PYONGYANG, North Korea - North Korea has boldly boasted that it is ready for war. Iceland with an Army of slightly over 900 soldiers, replies that it is on it's way to kick North Korea's ass.
A high-ranking Icelandic official said, "We will conquer the damn mofoing North Korean infidels and we will rename North Korea, New Iceland and make it our "Winter Home.'"
The commander of the Icelandic Army, General Turfir "Polar Bear Balls" Ragnarsson told an embedded reporter for The Reykjavich Tundra Times that when his 'guys' get through with Kim Jong il's 'boys' the Korean fellas will all be singing Nordic songs.

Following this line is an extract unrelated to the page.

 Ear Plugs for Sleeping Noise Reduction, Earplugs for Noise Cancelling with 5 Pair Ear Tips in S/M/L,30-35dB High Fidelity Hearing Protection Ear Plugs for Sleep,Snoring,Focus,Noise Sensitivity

Iceland's Prime Minister Johanna Sigurdardottir stated that the reason that she decided to invade North Korea was due to the economic turmoil that Iceland finds itself in.
She added that the currency devaluation along with the stock market collapse also played a part in her decision to invade North Korea and capture the outrageous amounts of money that they possess.
The prime minister stated that North Korea has more banks than it does chopstick shops.
She smiled as she glanced through the swimsuit issue of Sports Illustrated and said that hopefully if all goes as planned all of the money in the banks of North Korea will soon all be in the banks of Iceland.
When told that the North Korean Army is well-trained and numbers well over a million soldiers, the prime minister shrugged her shoulders and said, "Fine, but our lads are tough.
They have been trained to survive in minus 30 degree weather wearing only their army issued boxer shorts and a baseball cap.
Our soldiers can exist for two weeks eating nothing but snow, ice, frozen beetles, and sleet. And besides, our troops have an advantage in that they are all fluent in North Korean."
Unnamed sources revealed that the Icelandic Army is being transported to North Korea on the Mexican battleship, The MS Montezuma's Revenge.
Mexico and Iceland have great diplomatic relations and last year signed their multi-million dollar Ice for Tequila Trade Pact. Mexico has experienced an ice shortage as of late and they badly need the Icelandic ice to make raspas (sno-cones).
When North Korea's Kim Jong il was told that Iceland was on its way to invade his country, he got a puzzled look on his face and said, "Iceland? Who the hell is Iceland?"